• TO DO: The lines from the top of the data down to the line with "Lamp - 2 Pieces" should be repeated exactly, both ends included.

(Web page caption snippets)
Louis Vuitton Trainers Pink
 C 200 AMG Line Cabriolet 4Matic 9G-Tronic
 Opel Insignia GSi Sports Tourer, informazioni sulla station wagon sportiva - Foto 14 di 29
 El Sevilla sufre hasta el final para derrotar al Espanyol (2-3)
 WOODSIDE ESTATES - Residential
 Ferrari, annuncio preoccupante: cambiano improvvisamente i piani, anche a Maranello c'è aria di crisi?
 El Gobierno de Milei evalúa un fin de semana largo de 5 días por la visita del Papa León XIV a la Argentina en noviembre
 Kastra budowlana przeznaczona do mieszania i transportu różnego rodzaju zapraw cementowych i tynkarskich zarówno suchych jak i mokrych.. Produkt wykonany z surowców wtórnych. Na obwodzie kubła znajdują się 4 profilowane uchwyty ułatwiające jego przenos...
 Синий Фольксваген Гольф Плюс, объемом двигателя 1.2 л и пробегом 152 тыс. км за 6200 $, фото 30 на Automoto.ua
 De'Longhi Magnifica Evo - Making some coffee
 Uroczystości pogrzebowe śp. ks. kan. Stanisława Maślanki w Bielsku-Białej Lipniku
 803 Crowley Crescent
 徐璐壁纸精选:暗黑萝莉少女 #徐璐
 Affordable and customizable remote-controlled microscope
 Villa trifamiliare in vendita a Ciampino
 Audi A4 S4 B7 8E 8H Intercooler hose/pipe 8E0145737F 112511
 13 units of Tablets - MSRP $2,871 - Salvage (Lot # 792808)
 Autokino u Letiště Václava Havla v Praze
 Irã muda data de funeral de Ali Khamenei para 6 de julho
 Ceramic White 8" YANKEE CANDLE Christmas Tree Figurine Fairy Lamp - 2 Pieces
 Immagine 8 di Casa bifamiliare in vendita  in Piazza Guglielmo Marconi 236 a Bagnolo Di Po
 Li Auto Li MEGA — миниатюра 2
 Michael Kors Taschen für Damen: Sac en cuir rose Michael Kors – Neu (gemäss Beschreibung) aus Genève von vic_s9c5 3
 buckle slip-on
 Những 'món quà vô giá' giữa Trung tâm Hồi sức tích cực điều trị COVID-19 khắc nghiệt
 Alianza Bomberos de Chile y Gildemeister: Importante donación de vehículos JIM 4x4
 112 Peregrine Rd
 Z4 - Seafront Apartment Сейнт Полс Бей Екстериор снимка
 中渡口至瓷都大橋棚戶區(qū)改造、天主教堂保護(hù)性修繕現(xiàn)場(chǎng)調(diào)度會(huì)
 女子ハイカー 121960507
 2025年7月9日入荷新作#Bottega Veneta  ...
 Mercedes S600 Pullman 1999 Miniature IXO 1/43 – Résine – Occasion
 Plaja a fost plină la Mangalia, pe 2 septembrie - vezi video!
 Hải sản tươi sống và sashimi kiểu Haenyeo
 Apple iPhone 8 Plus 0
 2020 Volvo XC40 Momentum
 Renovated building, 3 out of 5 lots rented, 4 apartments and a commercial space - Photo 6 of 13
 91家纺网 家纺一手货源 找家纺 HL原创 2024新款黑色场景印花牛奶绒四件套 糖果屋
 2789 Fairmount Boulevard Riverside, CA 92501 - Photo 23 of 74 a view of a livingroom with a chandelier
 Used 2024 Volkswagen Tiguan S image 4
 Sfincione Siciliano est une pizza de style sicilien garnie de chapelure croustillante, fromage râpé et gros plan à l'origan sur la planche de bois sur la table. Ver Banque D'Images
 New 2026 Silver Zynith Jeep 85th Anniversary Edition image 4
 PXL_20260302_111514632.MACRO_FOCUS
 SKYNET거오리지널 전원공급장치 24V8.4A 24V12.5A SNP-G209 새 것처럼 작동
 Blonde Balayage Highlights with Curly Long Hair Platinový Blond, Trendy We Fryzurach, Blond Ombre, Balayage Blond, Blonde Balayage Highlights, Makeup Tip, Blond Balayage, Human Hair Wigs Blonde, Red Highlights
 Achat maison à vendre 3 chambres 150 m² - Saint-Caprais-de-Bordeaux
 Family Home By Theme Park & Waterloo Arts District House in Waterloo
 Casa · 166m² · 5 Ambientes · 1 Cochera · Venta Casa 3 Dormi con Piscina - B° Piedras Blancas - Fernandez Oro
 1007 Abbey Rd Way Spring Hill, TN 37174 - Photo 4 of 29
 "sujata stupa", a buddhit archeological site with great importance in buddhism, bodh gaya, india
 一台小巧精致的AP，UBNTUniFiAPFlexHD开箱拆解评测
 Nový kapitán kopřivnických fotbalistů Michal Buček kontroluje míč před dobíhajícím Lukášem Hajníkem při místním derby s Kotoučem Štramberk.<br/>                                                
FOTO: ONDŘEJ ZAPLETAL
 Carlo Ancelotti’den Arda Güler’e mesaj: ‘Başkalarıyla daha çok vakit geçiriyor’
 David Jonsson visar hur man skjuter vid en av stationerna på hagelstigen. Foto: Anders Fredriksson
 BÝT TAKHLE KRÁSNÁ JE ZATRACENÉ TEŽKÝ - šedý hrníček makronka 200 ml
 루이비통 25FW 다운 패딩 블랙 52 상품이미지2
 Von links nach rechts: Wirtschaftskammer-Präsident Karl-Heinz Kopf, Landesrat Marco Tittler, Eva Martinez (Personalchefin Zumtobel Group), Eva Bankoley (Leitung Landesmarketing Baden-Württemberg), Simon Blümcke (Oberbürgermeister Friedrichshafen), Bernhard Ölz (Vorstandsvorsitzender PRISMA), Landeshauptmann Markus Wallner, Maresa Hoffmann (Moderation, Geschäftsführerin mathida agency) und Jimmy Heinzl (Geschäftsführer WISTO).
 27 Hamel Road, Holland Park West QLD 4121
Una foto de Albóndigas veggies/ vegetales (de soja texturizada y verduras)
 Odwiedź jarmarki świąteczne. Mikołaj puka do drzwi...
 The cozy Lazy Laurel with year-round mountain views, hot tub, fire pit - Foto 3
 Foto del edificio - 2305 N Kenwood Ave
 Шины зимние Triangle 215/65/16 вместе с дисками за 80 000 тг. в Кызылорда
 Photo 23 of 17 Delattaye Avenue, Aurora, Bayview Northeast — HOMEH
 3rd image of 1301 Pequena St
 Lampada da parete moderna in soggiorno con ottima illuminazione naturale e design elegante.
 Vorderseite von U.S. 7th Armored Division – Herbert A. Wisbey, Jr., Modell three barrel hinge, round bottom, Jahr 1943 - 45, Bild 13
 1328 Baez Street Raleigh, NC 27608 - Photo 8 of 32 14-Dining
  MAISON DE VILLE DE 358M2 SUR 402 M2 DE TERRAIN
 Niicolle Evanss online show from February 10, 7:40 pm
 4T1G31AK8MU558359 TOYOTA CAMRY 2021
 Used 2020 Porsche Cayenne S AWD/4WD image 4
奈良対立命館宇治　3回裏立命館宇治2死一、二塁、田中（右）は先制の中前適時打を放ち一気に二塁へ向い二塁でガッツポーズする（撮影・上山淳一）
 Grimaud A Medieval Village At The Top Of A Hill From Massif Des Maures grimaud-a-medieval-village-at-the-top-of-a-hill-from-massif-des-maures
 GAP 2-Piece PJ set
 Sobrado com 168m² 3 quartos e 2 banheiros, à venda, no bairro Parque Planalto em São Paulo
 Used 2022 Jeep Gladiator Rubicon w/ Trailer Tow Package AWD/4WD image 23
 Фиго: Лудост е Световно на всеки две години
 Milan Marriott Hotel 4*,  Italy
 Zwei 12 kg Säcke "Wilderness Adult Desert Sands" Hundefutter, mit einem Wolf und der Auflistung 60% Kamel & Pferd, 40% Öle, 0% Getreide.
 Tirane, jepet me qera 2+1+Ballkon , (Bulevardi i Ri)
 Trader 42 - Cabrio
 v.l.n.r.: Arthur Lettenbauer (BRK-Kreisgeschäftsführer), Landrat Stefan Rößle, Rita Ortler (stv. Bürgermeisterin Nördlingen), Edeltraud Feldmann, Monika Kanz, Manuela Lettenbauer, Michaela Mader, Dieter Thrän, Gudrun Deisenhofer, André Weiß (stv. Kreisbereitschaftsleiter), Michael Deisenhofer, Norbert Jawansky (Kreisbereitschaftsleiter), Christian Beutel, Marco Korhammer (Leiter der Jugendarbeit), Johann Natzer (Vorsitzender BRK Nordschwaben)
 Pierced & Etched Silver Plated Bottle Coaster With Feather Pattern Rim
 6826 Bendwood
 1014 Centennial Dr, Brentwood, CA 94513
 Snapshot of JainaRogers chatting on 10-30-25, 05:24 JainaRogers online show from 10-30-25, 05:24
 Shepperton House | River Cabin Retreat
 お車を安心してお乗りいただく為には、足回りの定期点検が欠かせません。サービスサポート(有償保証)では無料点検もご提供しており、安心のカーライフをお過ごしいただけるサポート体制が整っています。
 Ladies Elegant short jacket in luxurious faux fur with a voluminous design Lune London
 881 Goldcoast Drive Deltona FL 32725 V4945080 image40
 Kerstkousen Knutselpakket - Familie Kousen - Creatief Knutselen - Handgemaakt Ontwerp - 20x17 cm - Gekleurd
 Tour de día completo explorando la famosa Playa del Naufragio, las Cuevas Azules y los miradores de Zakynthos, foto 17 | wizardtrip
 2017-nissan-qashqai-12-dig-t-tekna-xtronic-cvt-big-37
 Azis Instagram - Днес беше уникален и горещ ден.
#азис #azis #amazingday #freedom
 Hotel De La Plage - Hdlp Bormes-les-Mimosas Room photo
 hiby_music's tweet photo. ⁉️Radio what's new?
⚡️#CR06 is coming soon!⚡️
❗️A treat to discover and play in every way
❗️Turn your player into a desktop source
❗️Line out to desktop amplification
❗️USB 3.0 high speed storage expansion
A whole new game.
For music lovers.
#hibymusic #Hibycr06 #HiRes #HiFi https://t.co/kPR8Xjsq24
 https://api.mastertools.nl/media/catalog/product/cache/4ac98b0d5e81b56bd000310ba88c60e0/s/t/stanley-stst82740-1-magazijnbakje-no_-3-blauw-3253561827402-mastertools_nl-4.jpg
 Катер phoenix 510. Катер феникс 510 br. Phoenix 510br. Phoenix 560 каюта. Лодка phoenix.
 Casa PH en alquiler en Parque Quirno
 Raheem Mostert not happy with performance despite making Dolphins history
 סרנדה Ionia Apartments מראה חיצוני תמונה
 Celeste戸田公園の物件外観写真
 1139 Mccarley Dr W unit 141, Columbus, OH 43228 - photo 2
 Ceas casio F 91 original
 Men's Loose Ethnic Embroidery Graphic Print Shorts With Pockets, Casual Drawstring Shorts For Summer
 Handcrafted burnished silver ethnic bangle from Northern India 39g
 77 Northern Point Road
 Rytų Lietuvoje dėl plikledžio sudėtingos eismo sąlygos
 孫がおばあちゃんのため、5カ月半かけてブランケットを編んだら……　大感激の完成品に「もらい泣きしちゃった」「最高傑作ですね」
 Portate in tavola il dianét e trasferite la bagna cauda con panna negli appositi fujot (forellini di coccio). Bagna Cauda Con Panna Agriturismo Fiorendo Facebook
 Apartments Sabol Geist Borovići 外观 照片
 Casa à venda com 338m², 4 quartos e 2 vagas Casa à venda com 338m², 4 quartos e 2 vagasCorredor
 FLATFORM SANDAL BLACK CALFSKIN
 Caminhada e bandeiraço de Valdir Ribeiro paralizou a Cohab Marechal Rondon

• RESPONSE AREA:
Louis Vuitton Trainers Pink
 C 200 AMG Line Cabriolet 4Matic 9G-Tronic
 Opel Insignia GSi Sports Tourer, informazioni sulla station wagon sportiva - Foto 14 di 29
 El Sevilla sufre hasta el final para derrotar al Espanyol (2-3)
 WOODSIDE ESTATES - Residential
 Ferrari, annuncio preoccupante: cambiano improvvisamente i piani, anche a Maranello c'è aria di crisi?
 El Gobierno de Milei evalúa un fin de semana largo de 5 días por la visita del Papa León XIV a la Argentina en noviembre
 Kastra budowlana przeznaczona do mieszania i transportu różnego rodzaju zapraw cementowych i tynkarskich zarówno suchych jak i mokrych.. Produkt wykonany z surowców wtórnych. Na obwodzie kubła znajdują się 4 profilowane uchwyty ułatwiające jego przenos...
 Синий Фольксваген Гольф Плюс, объемом двигателя 1.2 л и пробегом 152 тыс. км за 6200 $, фото 30 на Automoto.ua
 De'Longhi Magnifica Evo - Making some coffee
 Uroczystości pogrzebowe śp. ks. kan. Stanisława Maślanki w Bielsku-Białej Lipniku
 803 Crowley Crescent
 徐璐壁纸精选:暗黑萝莉少女 #徐璐
 Affordable and customizable remote-controlled microscope
 Villa trifamiliare in vendita a Ciampino
 Audi A4 S4 B7 8E 8H Intercooler hose/pipe 8E0145737F 112511
 13 units of Tablets - MSRP $2,871 - Salvage (Lot # 792808)
 Autokino u Letiště Václava Havla v Praze
 Irã muda data de funeral de Ali Khamenei para 6 de julho
 Ceramic White 8" YANKEE CANDLE Christmas Tree Figurine Fairy Lamp - 2 Pieces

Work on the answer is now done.